Study of ThermoDox With Standardized Radiofrequency Ablation (RFA) for Treatment of Hepatocellular Carcinoma (HCC)

Hepatocellular Carcinoma Clinical Trial

— OPTIMA  

Official title:

A Phase III, Randomized, Double Blind, Dummy-Controlled Study of ThermoDox® (Lyso-Thermosensitive Liposomal Doxorubicin-LTLD) in Hepatocellular Carcinoma (HCC) Using Standardized Radiofrequency Ablation (RFA) Treatment Time ≥ 45 Minutes for Solitary Lesions ≥ 3 cm to ≤ 7 cm

Clinical Trial Details — Status: Completed

Administrative data

• NCT number: NCT02112656
• Other study ID #: 104-13-302
• Status: Completed
• Phase: Phase 3
• Start date: June 2014
• Est. completion date: August 31, 2018

Study information

• Verified date: October 2018
• Source: Celsion
• Contact: n/a
• Is FDA regulated: No
• Study type: Interventional

Clinical Trial Summary

The purpose of this study is to determine whether ThermoDox, a thermally sensitive liposomal doxorubicin, is effective in the treatment of non-resectable hepatocellular carcinoma when used in conjunction with standardized radiofrequency ablation (sRFA).

Description:

This is a Phase III, randomized, double blind, dummy controlled safety and efficacy study of ThermoDox plus sRFA compared to sRFA plus dummy infusion using standardized treatment dwell time for solitary HCC lesions ≥ 3.0 cm to ≤ 7.0 cm. An sRFA treatment for this protocol is defined as the dwell time of ≥ 45 minutes measured from the first activation of the RFA probe through removal of the RFA probe after the final ablation cycle or deployment.

The 50 mg/m2 ThermoDox or dummy infusion will be administered IV over 30 minutes. As part of blinded pre-medication ThermoDox treated subjects will receive 20 mg of dexamethasone orally 24 hours prior to the drug infusion for infusion reaction prophylaxis. Subjects on the control arm will receive a matching dummy pre-medication pill orally at 24 hours prior to infusion of the study treatment. Thirty minutes prior to receiving the ThermoDox infusion, subjects will receive a blinded dose of 20 mg of IV dexamethasone, 50 mg IV diphenhydramine and either 50 mg of IV ranitidine or 20 mg of IV famotidine. Subjects on the control arm will receive a masked dummy pre-medication pill orally at 24 hours prior to infusion of the study medication, and a dummy infusion 30 minutes prior to dummy infusion of Sodium Chloride 0.9% or 5% Dextrose (D5W). RFA will be initiated approximately at a minimum of 15 minutes after the initiation of study drug infusion and should be completed no later than 3 hours after study drug infusion initiation. The goal is to reach a > 45 minute dwell time which can be achieved by employing at least four ablation cycles or deployments in order to ablate the tumor as well as a 360º 1.0 cm tumor-free margin surrounding the tumor.with an estimated overall procedure time of less than 3 hours.

A subject who has an incomplete ablation is eligible for 1 retreatment procedure within 21 days after the radiological imaging exam showing residual disease at Day 28. Subjects will be retreated only once with the same RFA equipment and treatment assigned at randomization. Subjects with a complete ablation after retreatment will be followed both for PFS and for OS.

If after 2 ablations the subject has local, distant intrahepatic, or extrahepatic HCC, then the subject will be considered a treatment failure and will have met the PFS endpoint. The subject will be followed for OS every 3 months. Among subjects who are not treatment failures, five repeat treatments are permitted to treat a recurrent lesion or to treat newly-identified local or distant intrahepatic lesions at the Investigator's discretion after the PFS endpoint is reported and with agreement from the Sponsor. The subject must be eligible for retreatment consistent with the safety eligibility criteria and will be retreated with the same randomized treatment.
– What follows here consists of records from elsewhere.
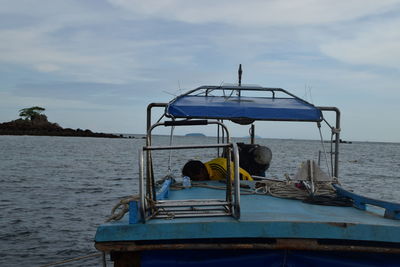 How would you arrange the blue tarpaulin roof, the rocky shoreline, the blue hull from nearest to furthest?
the blue hull, the blue tarpaulin roof, the rocky shoreline

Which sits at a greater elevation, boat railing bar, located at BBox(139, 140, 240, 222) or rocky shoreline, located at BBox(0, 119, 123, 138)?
rocky shoreline, located at BBox(0, 119, 123, 138)

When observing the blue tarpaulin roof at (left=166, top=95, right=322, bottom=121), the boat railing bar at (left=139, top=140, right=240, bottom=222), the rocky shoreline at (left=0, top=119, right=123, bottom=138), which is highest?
the rocky shoreline at (left=0, top=119, right=123, bottom=138)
CT or MRI imaging will be used to assess the effectiveness of the ablation therapy. The blind will be maintained at the level of the imaging reads. Investigator determined radiological progression must be observed and recorded prior to beginning alternate treatments for HCC. Posttreatment imaging will be obtained at months 1, 5, 9, 13, 17, 21, 25, then every 6 months (+/- 2 weeks) until radiological progression is seen. Adverse event assessments and laboratory examinations will occur at each visit. All subjects will be monitored throughout the investigational period.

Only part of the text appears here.